Hypercomputation is the theory of methods for the computation of non-recursive[?] functions. The classes of functions which they can compute is studied in the field known as recursion theory.

Hypercomputation was first introduced by Alan Turing in his 1939 paper Systems of logic based on ordinals, which investigated mathematical systems in which an oracle was available to compute a single arbitrary (non-recursive) function from naturals to naturals.
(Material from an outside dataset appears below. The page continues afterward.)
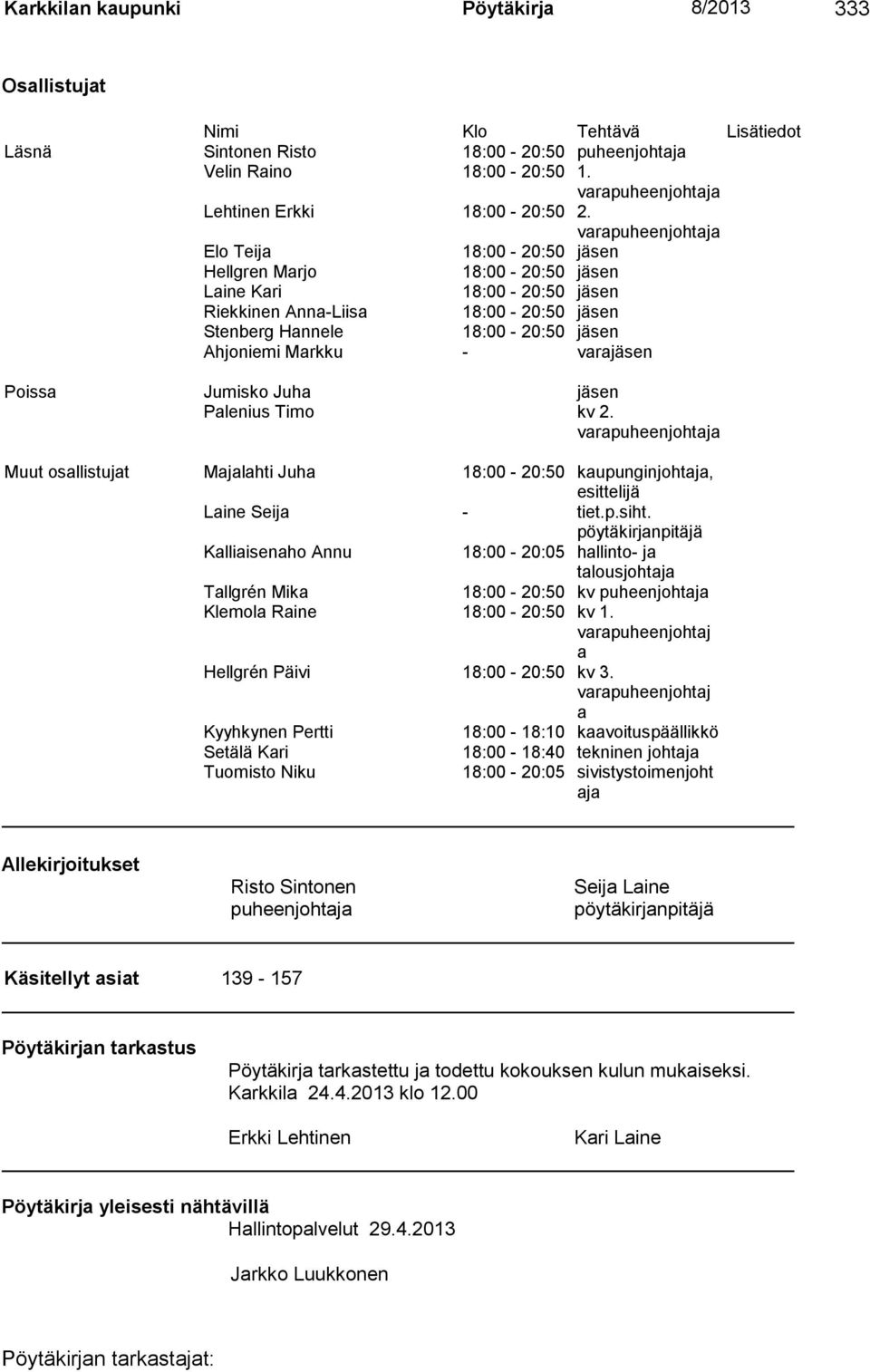 varapuheenjohtaja Elo Teija 18:00-20:50 jäsen Hellgren Marjo 18:00-20:50 jäsen Laine Kari 18:00-20:50 jäsen Riekkinen Anna-Liisa 18:00-20:50 jäsen Stenberg Hannele 18:00-20:50 jäsen Ahjoniemi Markku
Other posited kinds of hypercomputer include:

  • A quantum mechanical system which somehow uses (for example) an infinite superposition of states to compute a non-recursive function.
  • A Turing machine which is running for an infinite period of time (perhaps the observer is being dropped into a black hole).
  • A Turing machine which is accelerating exponentially (in a Newtonian universe, such a gadget might operate by manufacturing a clone of itself which was only half the size and operated at twice the speed).
  • A non-deterministic Turing machine which has a preference ordering over its final states.
  • An analog computer might be able to perform hypercomputation if physics admits real variables (not just computable reals), and these are in some way "harnessable" for computation. This might require quite outlandish laws of physics (for example, a measurable physical constant with the value Ω).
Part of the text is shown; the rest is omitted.